Kameelah Janan Rasheed's exhibition titled "there is a hole beneath the sentence and your words are leaking. i place my mouth at the puncture site, waiting to be engorged by your lactating punctuation" transforms anonymous gallery into an immersive landscape where language seeps, spills, and saturates the senses. Presented in collaboration with NOME, the exhibition pushes the boundaries of how we engage with language, suggesting that words are not just seen, but felt — consumed like a physical substance.
Through immersive installation, Rasheed transforms the gallery space into an environment where the mouth — rather than the eye — becomes the central site for interpretation. The exhibition features a variety of media, including sculptures, video works, photographs, wall paintings, and architectural interventions that respond directly to the space. Rasheed's work engages with the physicality of language, using the metaphor of the mouth to become the vessel through which language is consumed — a sacred act of communion where meaning is not simply understood but absorbed into the body, consumed, digested, and even corrupted. The mouth becomes the primary tool of interpretation, an organ of both consumption and expression.
The concept of saliva as a "highly viscous grammar" suggests that the act of communication is not merely about clarity or transparency, but about the messy, sticky processes that underlie the exchange of meaning. Rasheed challenges traditional notions of reading and interpretation, proposing instead a more embodied, sensory experience.
This exhibition exemplifies Rasheed's ability to blur the boundaries between different mediums and to create work that is as much about the physical experience of the viewer as it is about intellectual engagement. The installation invites visitors to consider how language interacts with the body, how it can be both nourishing and contaminating, and how it shapes our perceptions of the world.
ABOUT THE ARTIST:
Kameelah Janan Rasheed is an interdisciplinary artist based in Brooklyn. Her practice is invested in the shifting ecosystems of Black epistemologies and the agile relationships between the varied modes of reading, writing, archiving, editing, translating, publishing, reflecting upon, and arranging narratives about lived Black experiences. For Rasheed, the acts of reading and writing are not passive experiences and therefore her works engage an understanding of text as an unfixed, living organism that desires iteration and intervention.
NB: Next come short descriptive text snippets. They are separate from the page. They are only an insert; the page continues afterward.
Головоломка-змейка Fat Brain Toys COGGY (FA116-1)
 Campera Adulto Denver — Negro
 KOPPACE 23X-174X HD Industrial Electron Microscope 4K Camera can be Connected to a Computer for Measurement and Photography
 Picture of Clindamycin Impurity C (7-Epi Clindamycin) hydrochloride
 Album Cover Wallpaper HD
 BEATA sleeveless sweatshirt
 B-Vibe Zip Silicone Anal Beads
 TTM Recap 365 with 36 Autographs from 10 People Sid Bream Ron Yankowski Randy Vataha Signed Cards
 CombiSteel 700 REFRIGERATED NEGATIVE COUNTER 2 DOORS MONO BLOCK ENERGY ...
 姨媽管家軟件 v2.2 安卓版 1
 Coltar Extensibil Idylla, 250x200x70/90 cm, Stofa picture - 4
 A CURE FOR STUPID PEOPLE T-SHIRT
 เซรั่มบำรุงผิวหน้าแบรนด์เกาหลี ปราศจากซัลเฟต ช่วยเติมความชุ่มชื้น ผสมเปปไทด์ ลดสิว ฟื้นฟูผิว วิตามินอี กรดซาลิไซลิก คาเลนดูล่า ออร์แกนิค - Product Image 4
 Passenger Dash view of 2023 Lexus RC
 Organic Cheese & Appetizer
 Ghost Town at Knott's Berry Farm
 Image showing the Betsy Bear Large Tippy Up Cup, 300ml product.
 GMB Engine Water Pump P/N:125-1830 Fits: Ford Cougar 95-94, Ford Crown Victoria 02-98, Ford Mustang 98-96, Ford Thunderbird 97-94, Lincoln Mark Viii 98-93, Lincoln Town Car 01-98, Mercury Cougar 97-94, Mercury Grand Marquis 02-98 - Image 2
Rasheed’s practice takes form across an ecosystem of provisional projects and experiments: large-scale text-banner installations, lecture performances, publications, sound works, library interventions, and xeroxed “architecturally-scaled collages” (Frieze, 2018), and other forms yet to be determined.
Kameelah Janan Rasheed’s recent solo exhibitions include in the coherence , we weep at KW Institute for Contemporary Art and Unsewn Time at the Art Institute of Chicago. Rasheed has recently participated in the Autostrada Biennale, Prizren; Urbane Künste Ruhr, Bochum; Front Triennale, Cleveland; Athens Biennale; and Prospect New Orleans. She has previously exhibited her work at Kunstverein Hannover; the Glasgow International; Kunsthalle Wien; Future Generation Exhibition at the 2017 Venice Biennale; the Brooklyn Museum; The New Museum, New York; MASS MoCA, North Adams; Studio Museum in Harlem; Portland Institute for Contemporary Art; Institute of Contemporary Art Philadelphia; Brooklyn Public Library, among others. Her public installations include Ballroom Marfa; Brooklyn Museum; For Freedoms x Times Square Art; Public Art Fund; and several others. Her work has been featured in Artforum, Artreview, Frieze, Hyperallergic, Guernica, The New York Times, Triple Canopy, and others. She received a 2021 Guggenheim Fellow in Fine Arts and was recently awarded the 2022 Creative Capital Award and Schering Stiftung Prize for Artistic Research.